Beyond being an “international student”


April 7, 2024

There was a time with this blog where I would never ever miss a week of posting; even if it meant sacrificing something else to write a post or sitting down to write a blog post in the most random of places, I would always get one out every single Sunday. Since coming to college, I’ve taken a different approach to this blog where I’ve still posted pretty regularly every Sunday but I do give myself breaks during finals week or over the holidays. Sometimes I feel a little guilty about not being as regular as I used to be on this platform and less active on my social media accounts, however, I feel as though this blog has entered into a different phase since I’ve come to Georgetown.

Back when I started this blog in high school I used to write posts just for the sake of getting a post out every week. But that didn’t always mean that they were good posts, at the time I always thought that I was putting out something good, but I think that it took me a while to really find my niche and the posts that really resonated with readers. My favorite blog posts to write now are not the ones where I’m just sharing a bunch of photos or a list of recommendations, but the ones where I feel like I’m genuinely having a conversation with my audience. I like to sit down on a Friday or Saturday afternoon and just write about what’s top of mind. I used to think that I shouldn’t publish these kinds of posts because they would get less views, but I’ve found that the posts where people write to me the most about or say they enjoyed are these more conversational posts, like this one, where I just be myself and talk about what’s going on. 

(Side note, but some of my favorite posts are these ones if you want to give them a read: Feeling Seen and Represented, Growing Pains, Hi World!, and Being the Smartest Person in the Room.

I feel as though writing in this style since I came to college (so for the past four years which is crazy to say) has made me a much better writer. I don’t mean that it’s helped me write with perfect grammar or clarity (I probably still don’t do too well in those), but it’s just trained me to become so much better at articulating thoughts that are on my mind or reflections that most people don’t usually put into words or writing. I was thinking about this recently, as I gave the Senior Speech at Georgetown for our admitted students and I felt as though it was easy for me to reflect back on the past four years and put together a speech; I honestly had so much fun putting that speech together and sharing my own personal reflections. This got me thinking about how engaging in this style of writing every week has also helped me a lot in my personal life. I feel like because I’ve gotten into the practice of articulating those random trains of thought each week and crafting them into some sort of coherent spiel, I’ve also gotten a lot more skilled at organizing those thoughts in my own mind. I feel like through the eight years I’ve been writing this blog, I’ve gotten to know myself so much better and I think that reflects on the relationships in my life too. 

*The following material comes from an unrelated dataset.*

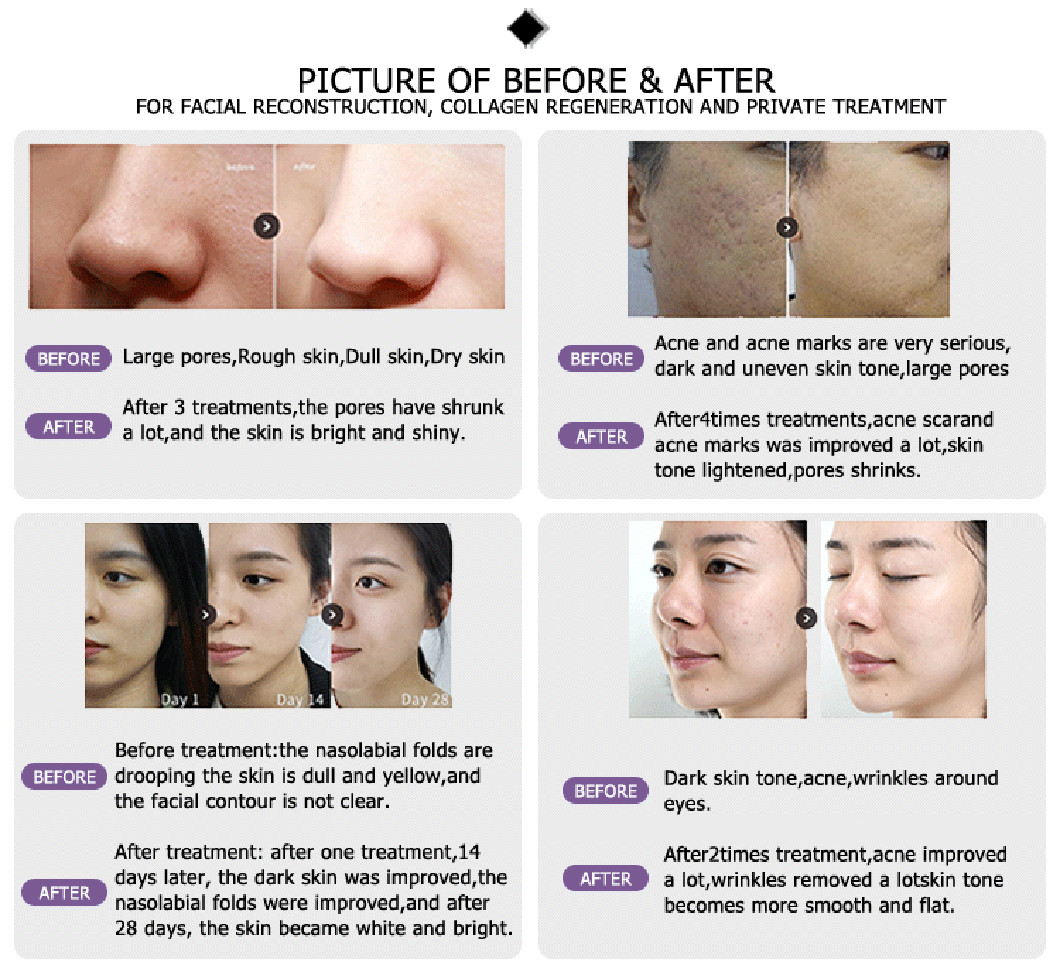 China factory direct sales carbon dioxide skin resurfacing fractional laser for stretch marks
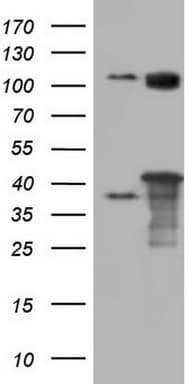 PPP1R8 / Rnase E Antibody (aa1-225, clone OTI4D5)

The reason I was thinking all those big thoughts recently was because 1) I’ve been majorly procrastinating all of my work so I’m searching my brain for things to think about (hey, I’m a second semester senior so I deserve to procrastinate a bit!) and 2) because as a second semester senior I’ve been putting a lot of future plans into motion recently like planning my postgrad trips, looking for an apartment, and nailing down the details about starting work in the fall. This got me thinking about what my identity will be like in the future? I’m no longer going to be an international student; sure, I’ll still be dealing with all of the international visa struggles (which is absolutely not ideal), but my identity as an international student who is only here for a set period of time kind of dissolves once I graduate. Sure I’m still an expatriate who is here in the US for a temporary period of time, but I guess now that I’m graduating, the question is, how temporary is that period of time? I will still never be able to consider myself American and I’ll always have other roots that are a big part of who I am, but I’m no longer that expat who moved here for four years and then intended to go back home. Touring apartments and planning out my postgrad live in DC made me realize how much I’ve fallen in love with DC since moving here for college and just how much I’m not ready to say goodbye yet.

With my identity as an international/expat/TCK being a bit more murky these days, it’s also been a lot harder to think about what my identity on this blog is going to be. This blog’s identity went through a big change between high school and college when I geared my content more towards the very real struggles I was facing as someone who moved away from home for the first time, and now I’m sitting here wondering how the identity of this blog is going to change in the next phase of my life. The move isn’t as temporary anymore and I’m more assimilated in DC, but I’m also going to be going through a very big transition into real adulthood. I have no idea what my content will look like or what I’ll be sharing on this blog. I don’t know if I’ll end up changing the name of this blog (idk, maybe Little Miss Expat won’t fit my identity forever) or if I’ll start posting more or less frequently. But what I do know is that I still love to sit down and pour my little heart out into these posts; I love stringing together words to form some sort of coherent thought and knowing that at least one person out there reads these and resonates with them. So, I’m just gonna keep writing because I love it! I have no idea what the next period of my life will bring, but rest assured, if you’re checking in on this blog, you’ll definitely hear about it!